Recorded information
- Opening Delimiter -

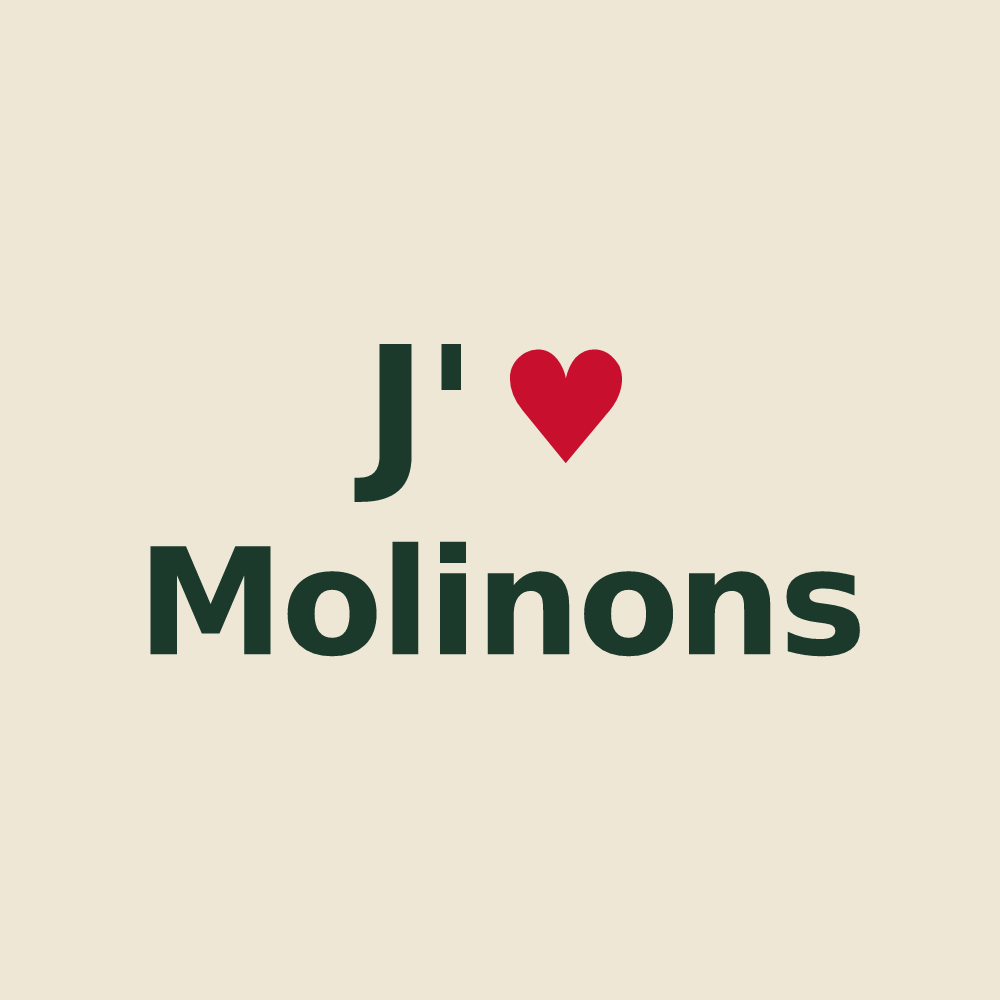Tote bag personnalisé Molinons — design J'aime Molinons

- Closing Delimiter -
- Opening Delimiter -

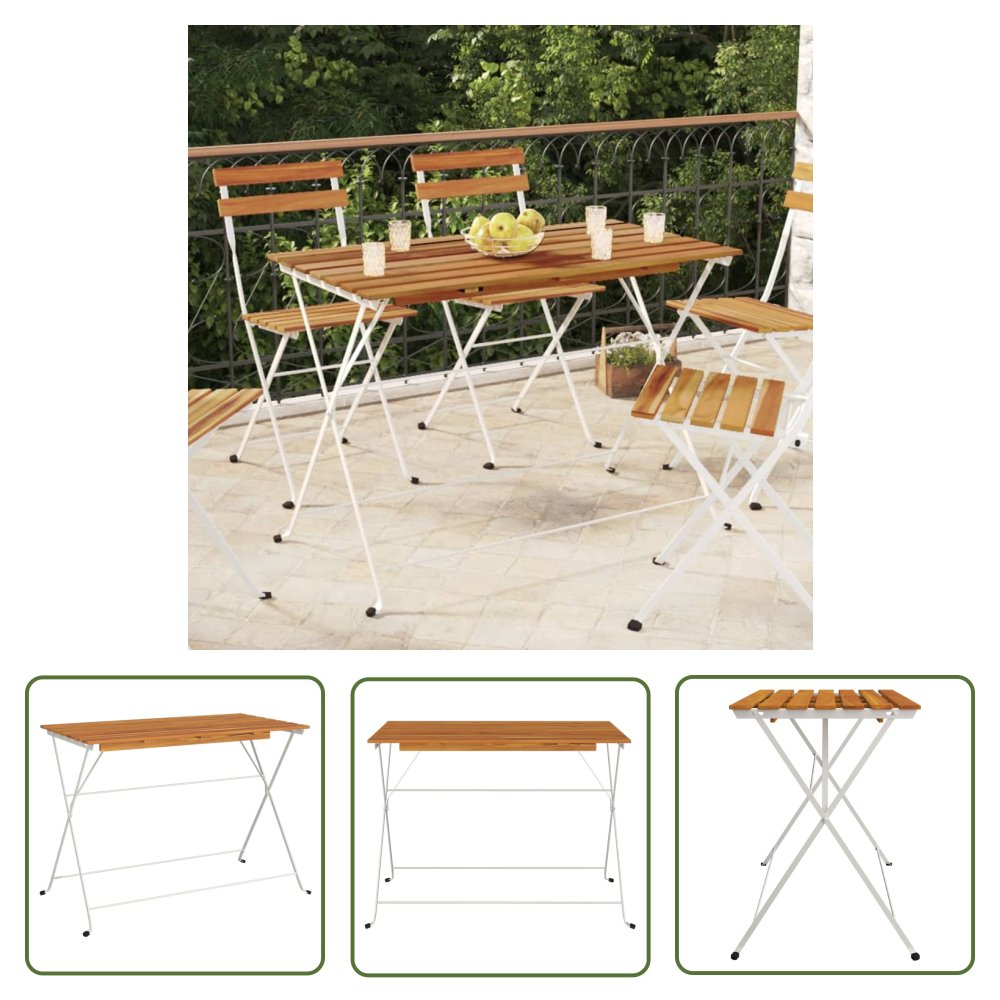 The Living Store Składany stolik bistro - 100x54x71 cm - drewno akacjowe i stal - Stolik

- Closing Delimiter -
- Opening Delimiter -

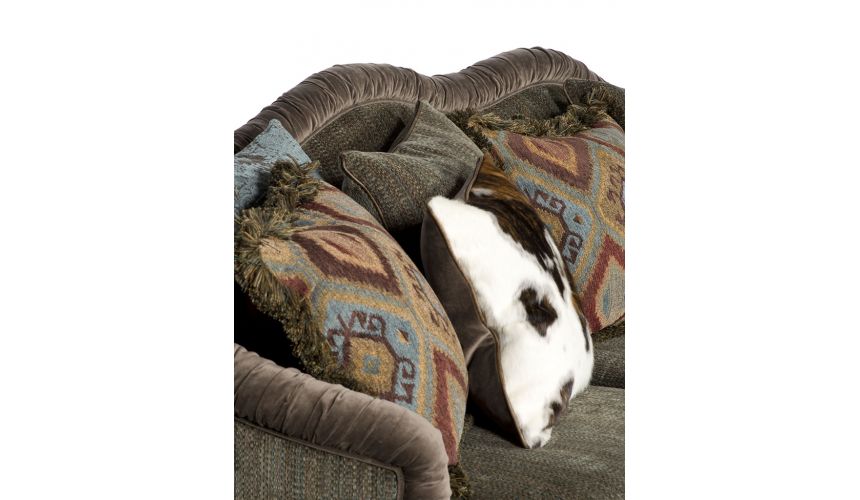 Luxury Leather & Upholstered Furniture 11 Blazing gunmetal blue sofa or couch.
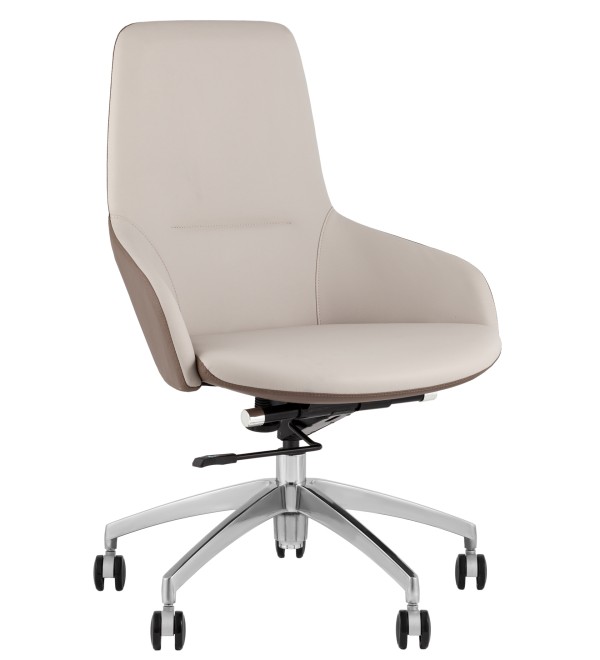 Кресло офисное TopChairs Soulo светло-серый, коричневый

- Closing Delimiter -

What is being asked
Copy word for word only the lines above from the one with "Luxury Leather &" through the one with "Кресло офисное TopChairs". Leave pictures out.

Response for this exercise
 Luxury Leather & Upholstered Furniture 11 Blazing gunmetal blue sofa or couch.
 Кресло офисное TopChairs Soulo светло-серый, коричневый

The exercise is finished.